Blog Post 196

Back into the Deep End

Honestly, I just wanna disappear.

I'm not sure how else to explain my needs or wants other than just doing it myself and not mentioning it to anyone. I don't do handouts or anything in that area. So if I need something there's a chance I'm getting it no doubt about it. But certain shit needs to be forgotten and simply just erased from my life and the first thing to go is probably my socials. I don't even use my social media accounts other than to just keep a hold of the username and that's really it. The only app I really use on my phone is YouTube primarily and sometimes Snapchat but that's starting to annoy me with the new update and shit.

I understand I have people who need me for certain things but I'm bout to just say fuck it and go ghost. I noticed my snaps have been limited to 1-2 snaps a day and that's only because I don't even check the app first thing in the morning. I wake up and go straight to work. I don't know what's happened but I'm no longer using my phone for social media. It's basically just an mp3 player at this point. I just listen to music and look at all the text I need to delete from my phone and the missed calls are so annoying. Why are people calling me from a blocked number and from area codes out of state? My guy delete my number and go call someone who's in your city. The fuck you calling me for?

I don't know maybe I just hit a breaking point where everyone and everything is starting to piss me off. Which isn't new to me but god damn, chill out for a second and let me gather my thoughts. I have so many things going through my head that I end up getting migraines and feel light-headed and I'm just sick of it. If I could sleep for 3 days straight I would, but then someone close to me will think I overdosed or some shit and I just don't need anyone knocking at my door with a naloxone pen or a paramedic really. I don't know why but I feel like something is off and I just need to figure out what it is because everything feels so forced and irrelevant to me right now.

I stopped talking to people in the general public areas because I have nothing to say to anyone at this point. There's nothing worth talking about so I just ignore everyone and mind my business. I'm fine being left alone and being able to freely walk in and out of places without being stopped for small talk from somebody I don't care about anymore. It's uncomfortable and weird for me to stand there and have to pretend like I know the person when I can barely remember their name. It just doesn't make any sense to me that's all.

I just wish I didn't have to be seen in the public eye when I'm out and about because no matter what it is I'm doing there's always someone either in their car honking their horn trying to get my attention or just coming up to me and simply talking to me when it's very clear that I don't want to be approached or bothered. I just don't understand what it is about me that makes me seem approachable when I'm only focused on myself and myself only, and I don't want to be rude or anything it's just when I'm out and about I like to just have my alone time.
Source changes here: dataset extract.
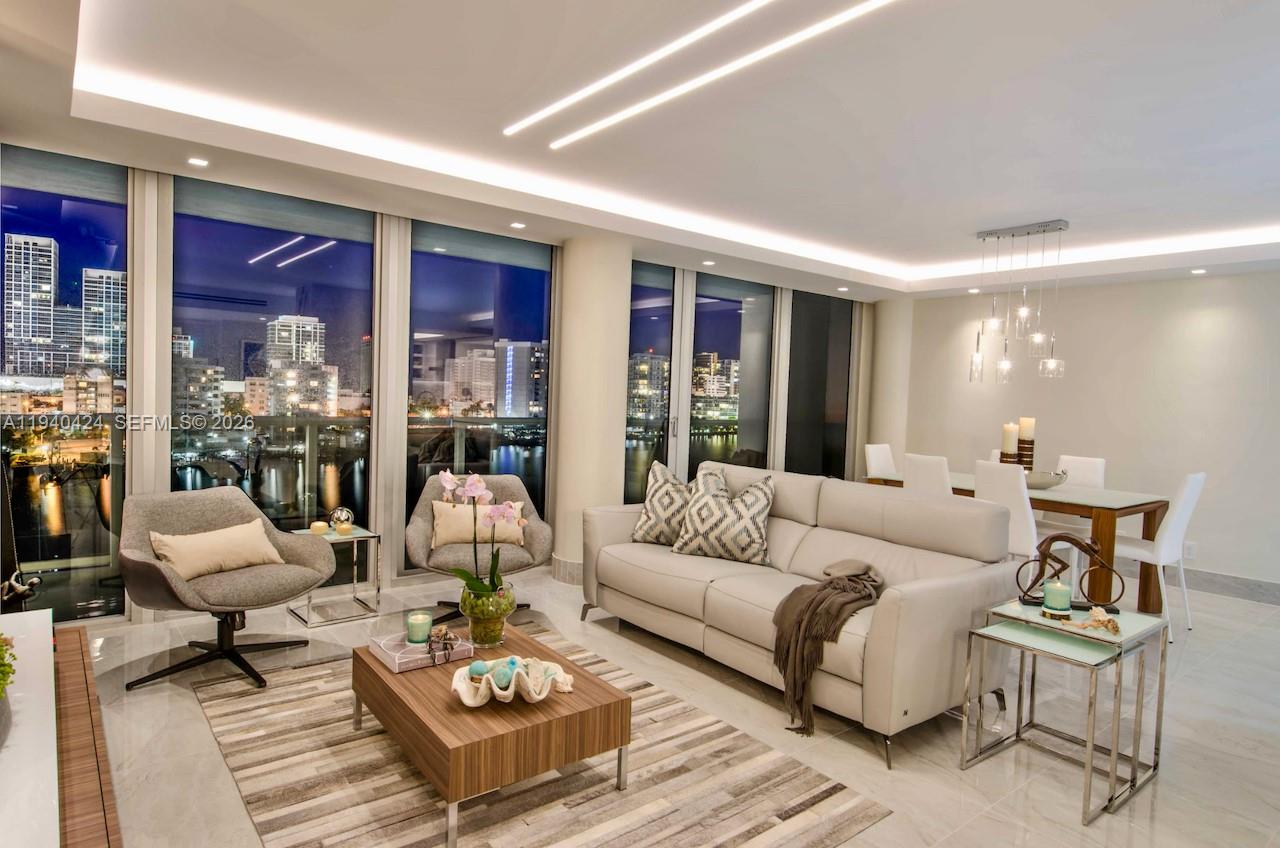KING COLE CONDO - Residential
It's when I do most of my thinking and planning and having someone randomly walk up to me is kind of annoying to me because I already know what they're gonna ask for and I don't really care enough to acknowledge their needs so I just ignore them because why the fuck did you think I was going to give you the time of day to talk to me to begin with? Go sit down the fuck?!

I'm not a people person nor a people pleaser. I can literally look at you with a blank stare and not give a fuck about your existence while you're talking to me. It's not that I don't care it's just you have nothing worth sticking around for. I don't like having my time wasted and when people waste my time I tend to go off to the point where the rule book doesn't have a say on what's about to happen. Cause one, you should've known better than to bother me with some pointless ass shit, especially with my short temper you already know shit is bound to go down so why the fuck do you still bother?

I just think it's time for me to sit back and watch everything play out for how it really is. Because I no longer want to have a say in what goes on. I just simply no longer wish to exist in the public eye and just be on my own and live a life where nobody acknowledges me. I don't know if that's possible but if there's a will there's a way. So I'm willing to just call it what it is and simply be done with it. I don't know what's going to happen from here on out but I'll figure it out.